• YOUR GOAL
From the entries below, write out exactly the lines between the line holding "Scie cloche bi-métal HSS 86mm KLAUKE" and the line holding "Venda Apartamento Santos", inclusive, excluding any pictures.

• RECORDS PROVIDED
——

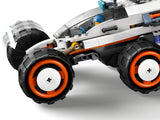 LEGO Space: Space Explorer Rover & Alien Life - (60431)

——

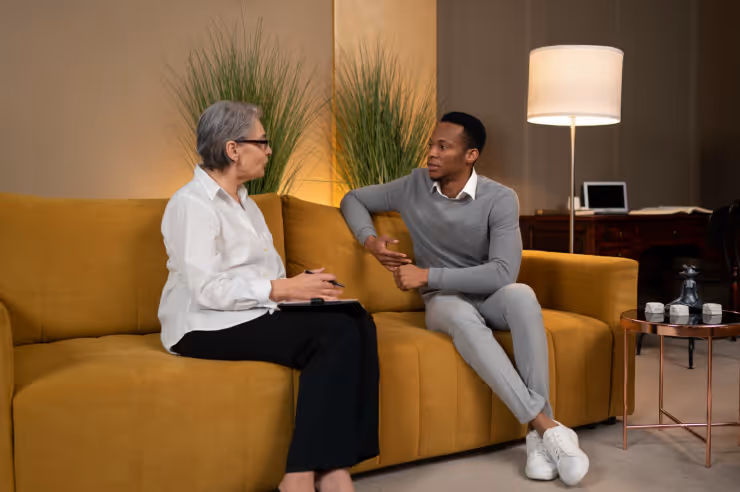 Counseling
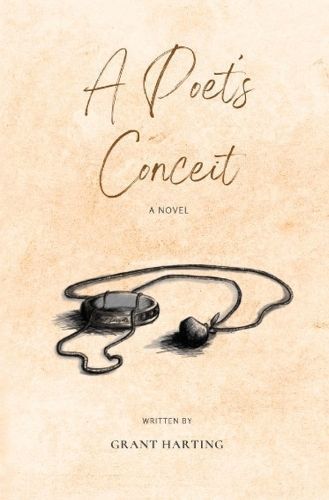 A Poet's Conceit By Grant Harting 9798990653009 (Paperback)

——

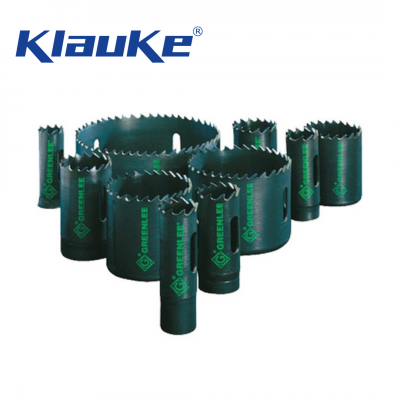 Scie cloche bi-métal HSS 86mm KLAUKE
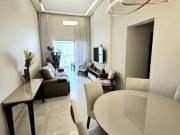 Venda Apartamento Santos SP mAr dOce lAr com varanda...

——

• RESPONSE BELOW
 Scie cloche bi-métal HSS 86mm KLAUKE
 Venda Apartamento Santos SP mAr dOce lAr com varanda...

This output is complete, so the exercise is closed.